- Try it -
Line by line, print the records exactly as they are, dropping the pictures.

Records contained in a dataset

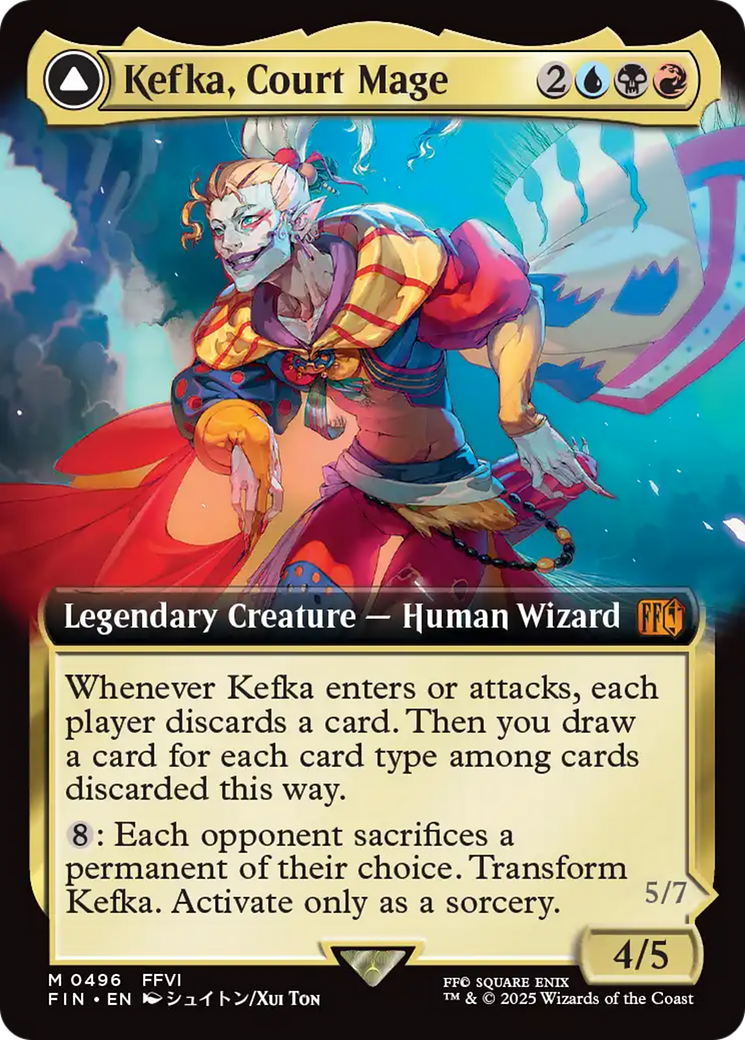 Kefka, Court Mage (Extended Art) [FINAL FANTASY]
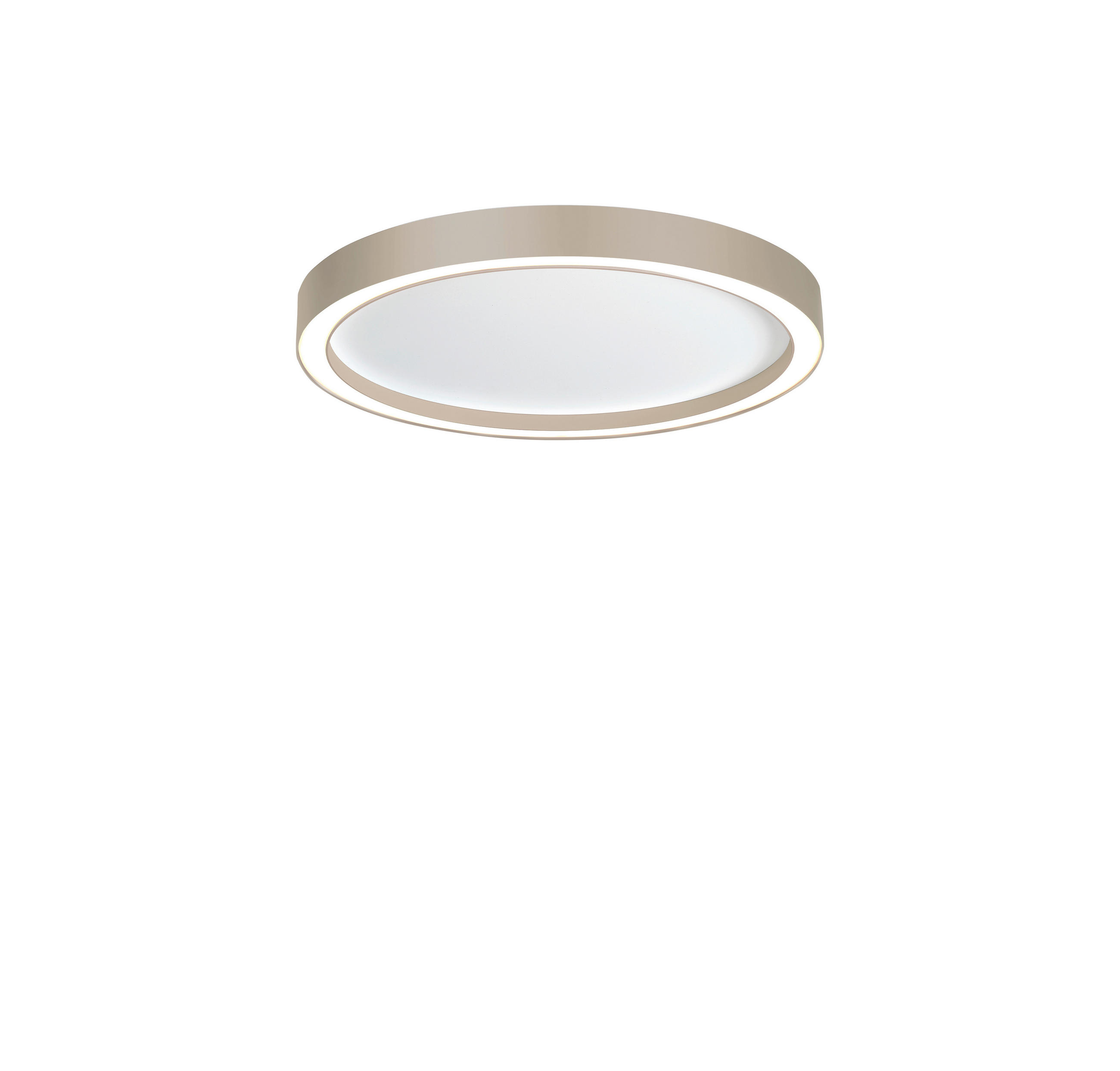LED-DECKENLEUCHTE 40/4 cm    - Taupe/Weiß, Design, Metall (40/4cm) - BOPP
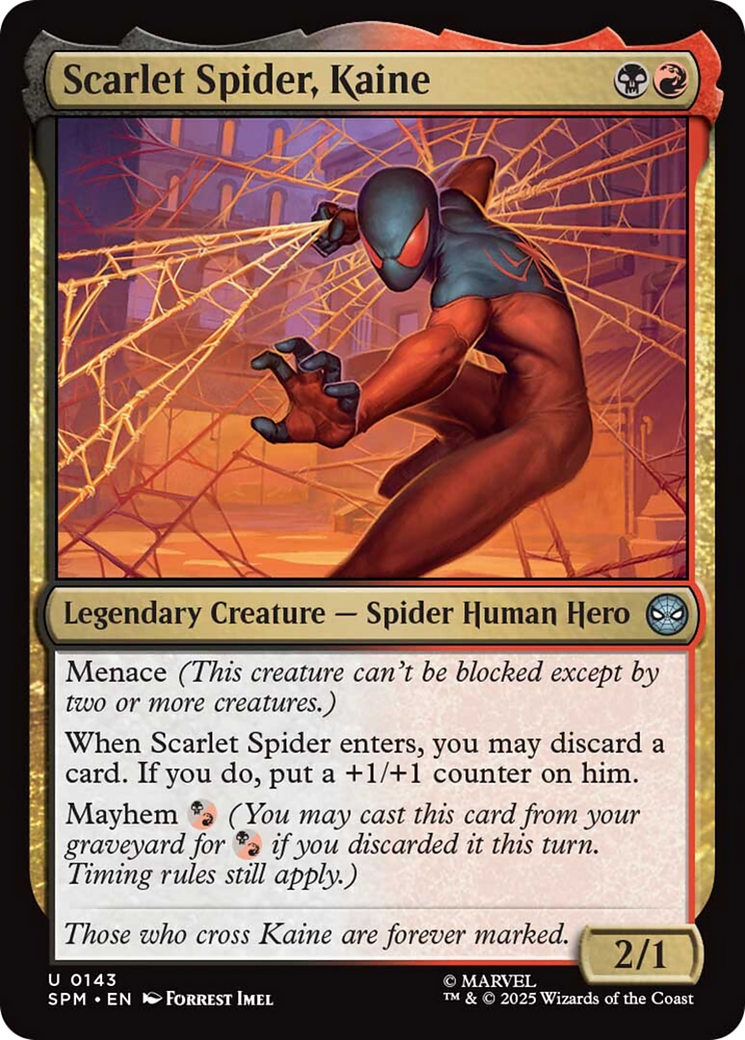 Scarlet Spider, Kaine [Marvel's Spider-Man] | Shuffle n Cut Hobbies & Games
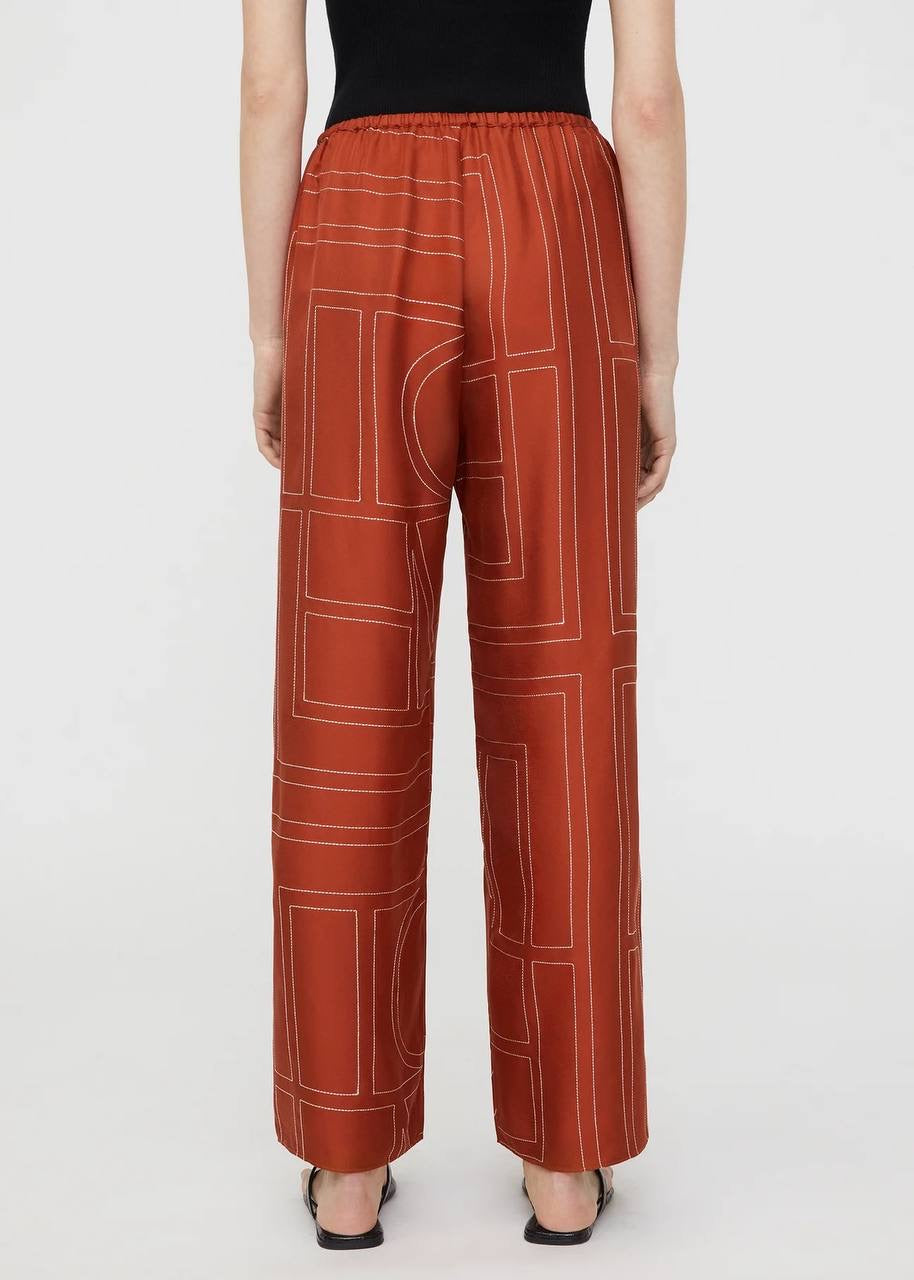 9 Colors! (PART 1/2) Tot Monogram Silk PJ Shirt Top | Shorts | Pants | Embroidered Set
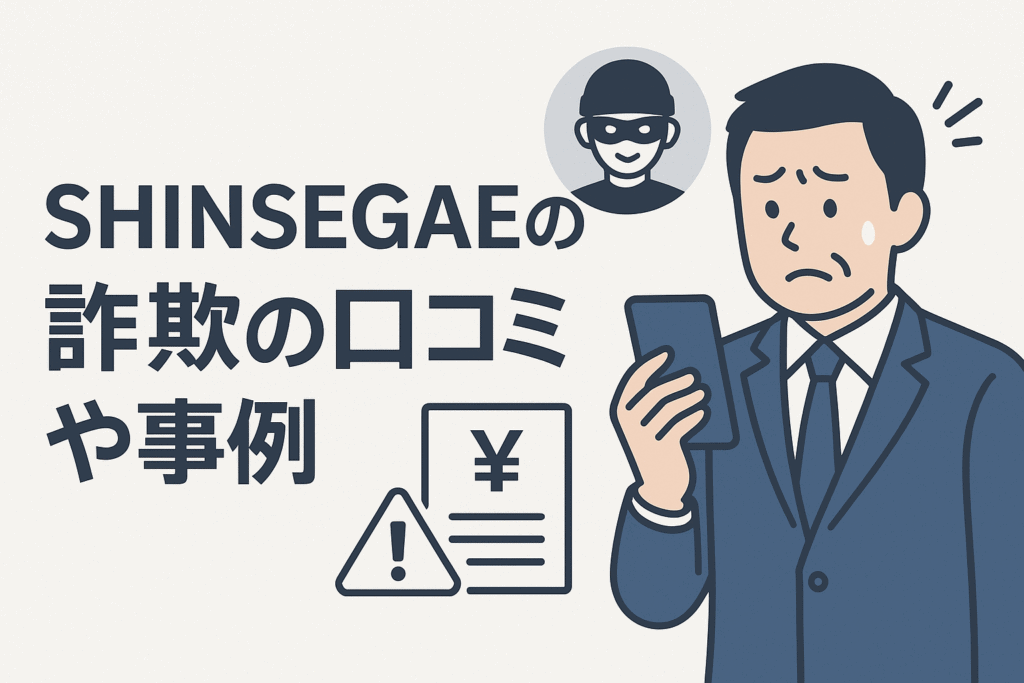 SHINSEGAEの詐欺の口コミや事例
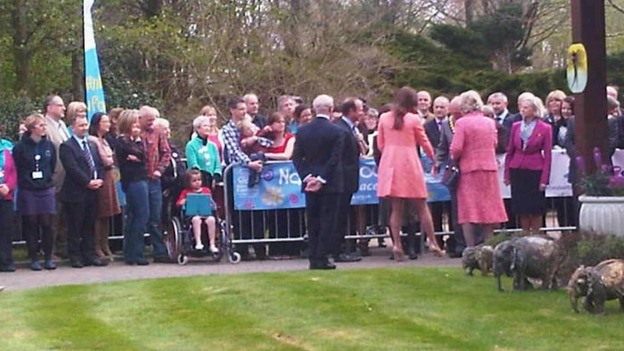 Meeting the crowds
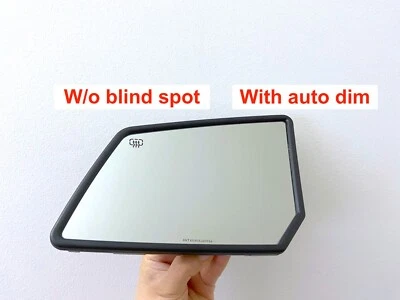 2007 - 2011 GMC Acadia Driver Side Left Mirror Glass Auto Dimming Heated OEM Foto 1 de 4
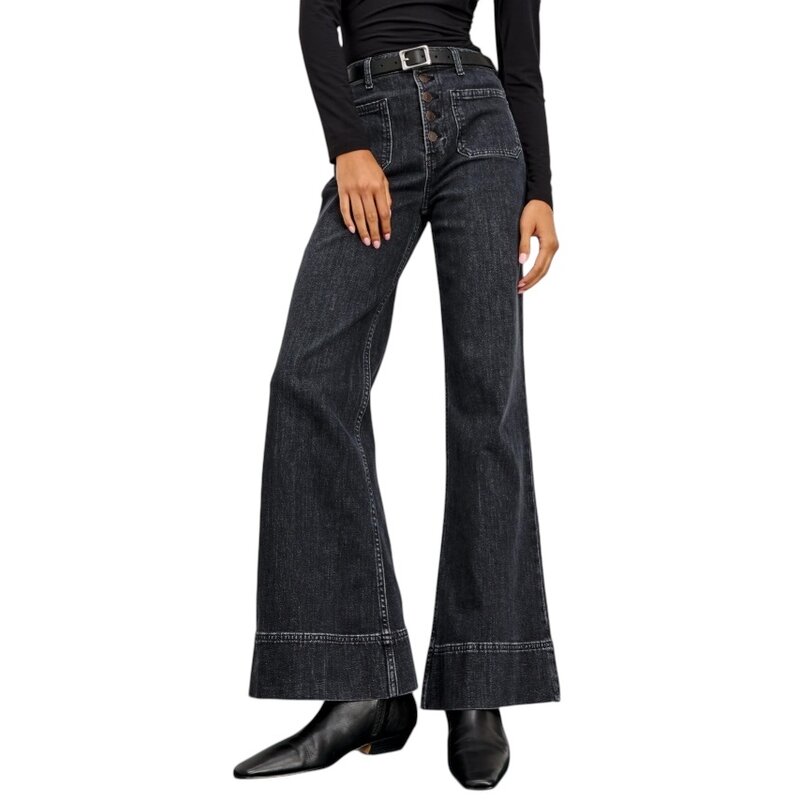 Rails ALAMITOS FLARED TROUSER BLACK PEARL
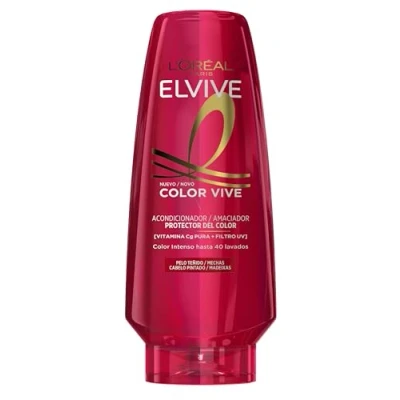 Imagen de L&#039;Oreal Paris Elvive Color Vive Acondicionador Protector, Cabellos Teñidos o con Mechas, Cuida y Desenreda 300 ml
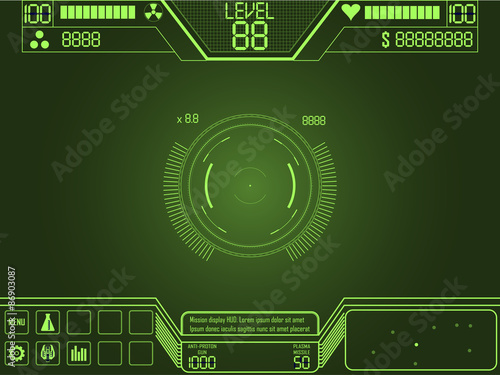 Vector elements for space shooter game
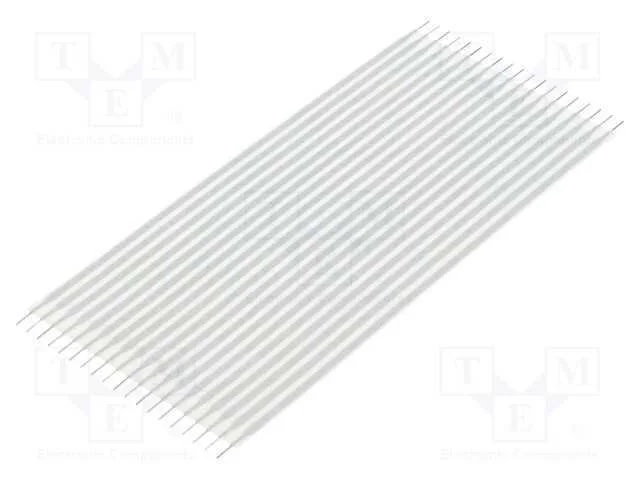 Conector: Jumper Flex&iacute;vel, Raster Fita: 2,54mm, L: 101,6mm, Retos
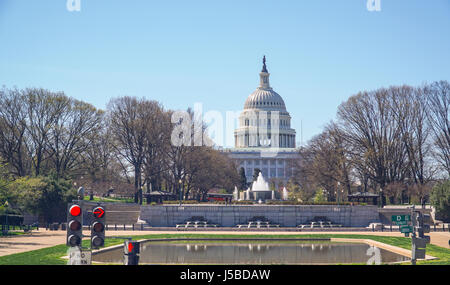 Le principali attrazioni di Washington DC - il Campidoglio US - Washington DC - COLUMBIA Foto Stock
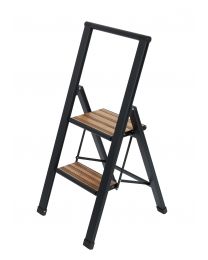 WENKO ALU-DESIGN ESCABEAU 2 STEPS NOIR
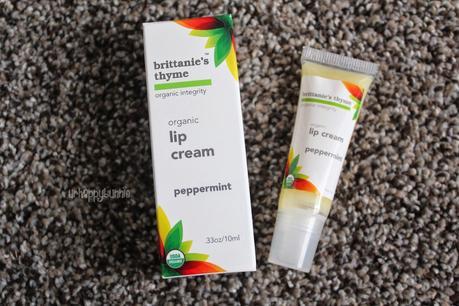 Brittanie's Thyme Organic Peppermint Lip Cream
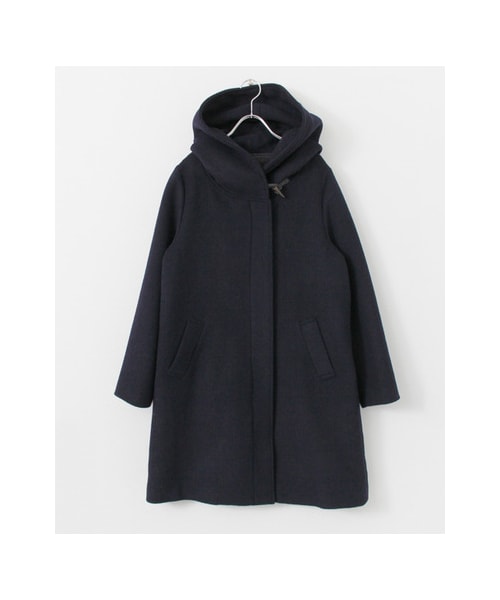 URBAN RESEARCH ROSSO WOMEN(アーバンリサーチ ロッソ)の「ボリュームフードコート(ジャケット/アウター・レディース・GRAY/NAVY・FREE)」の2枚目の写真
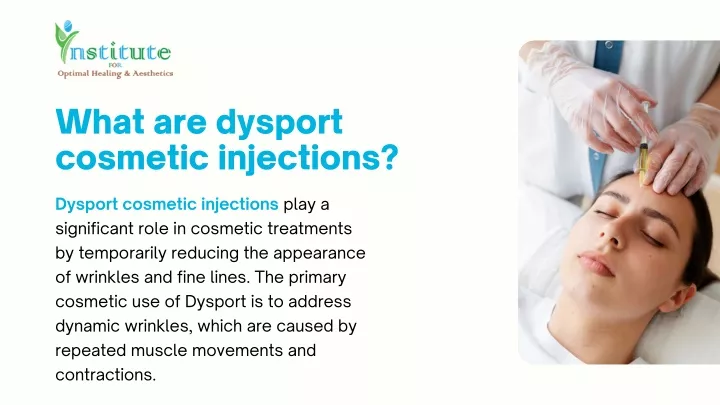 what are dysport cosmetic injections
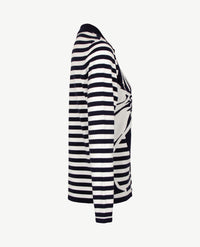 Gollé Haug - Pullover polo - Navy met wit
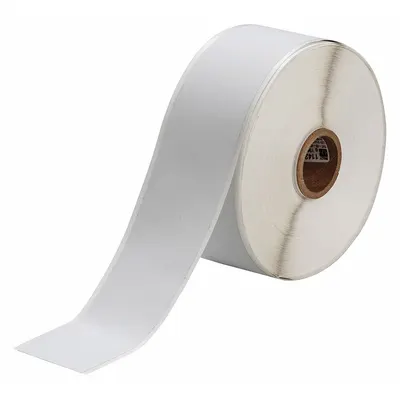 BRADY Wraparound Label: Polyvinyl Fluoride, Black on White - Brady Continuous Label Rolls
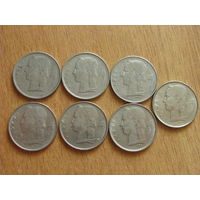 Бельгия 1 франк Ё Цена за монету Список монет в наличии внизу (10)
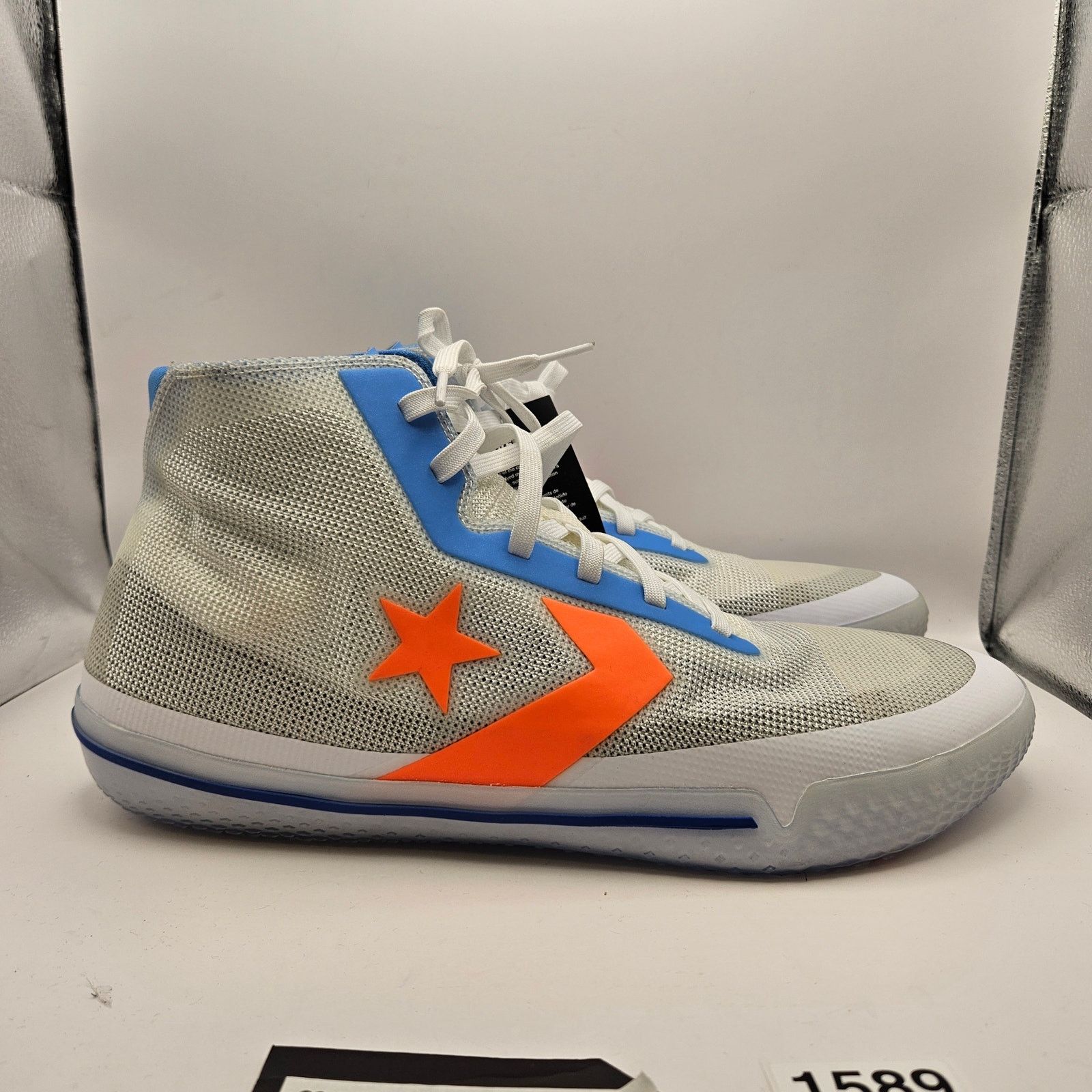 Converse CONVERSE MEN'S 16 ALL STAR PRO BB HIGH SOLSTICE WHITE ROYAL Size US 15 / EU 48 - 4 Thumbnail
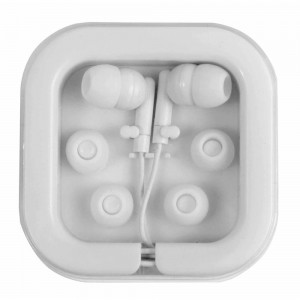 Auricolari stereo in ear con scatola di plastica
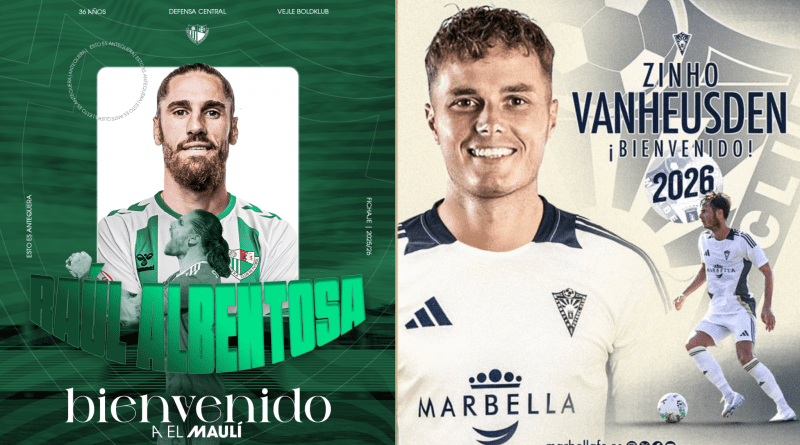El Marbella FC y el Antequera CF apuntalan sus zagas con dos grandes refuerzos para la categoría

- Answer for this exercise -
 Kefka, Court Mage (Extended Art) [FINAL FANTASY]
LED-DECKENLEUCHTE 40/4 cm    - Taupe/Weiß, Design, Metall (40/4cm) - BOPP
 Scarlet Spider, Kaine [Marvel's Spider-Man] | Shuffle n Cut Hobbies & Games
 9 Colors! (PART 1/2) Tot Monogram Silk PJ Shirt Top | Shorts | Pants | Embroidered Set
 SHINSEGAEの詐欺の口コミや事例
 Meeting the crowds
 2007 - 2011 GMC Acadia Driver Side Left Mirror Glass Auto Dimming Heated OEM Foto 1 de 4
 Rails ALAMITOS FLARED TROUSER BLACK PEARL
 Imagen de L&#039;Oreal Paris Elvive Color Vive Acondicionador Protector, Cabellos Teñidos o con Mechas, Cuida y Desenreda 300 ml
 Vector elements for space shooter game
 Conector: Jumper Flex&iacute;vel, Raster Fita: 2,54mm, L: 101,6mm, Retos
 Le principali attrazioni di Washington DC - il Campidoglio US - Washington DC - COLUMBIA Foto Stock
 WENKO ALU-DESIGN ESCABEAU 2 STEPS NOIR
 Brittanie's Thyme Organic Peppermint Lip Cream
 URBAN RESEARCH ROSSO WOMEN(アーバンリサーチ ロッソ)の「ボリュームフードコート(ジャケット/アウター・レディース・GRAY/NAVY・FREE)」の2枚目の写真
 what are dysport cosmetic injections
 Gollé Haug - Pullover polo - Navy met wit
 BRADY Wraparound Label: Polyvinyl Fluoride, Black on White - Brady Continuous Label Rolls
 Бельгия 1 франк Ё Цена за монету Список монет в наличии внизу (10)
 Converse CONVERSE MEN'S 16 ALL STAR PRO BB HIGH SOLSTICE WHITE ROYAL Size US 15 / EU 48 - 4 Thumbnail
 Auricolari stereo in ear con scatola di plastica
El Marbella FC y el Antequera CF apuntalan sus zagas con dos grandes refuerzos para la categoría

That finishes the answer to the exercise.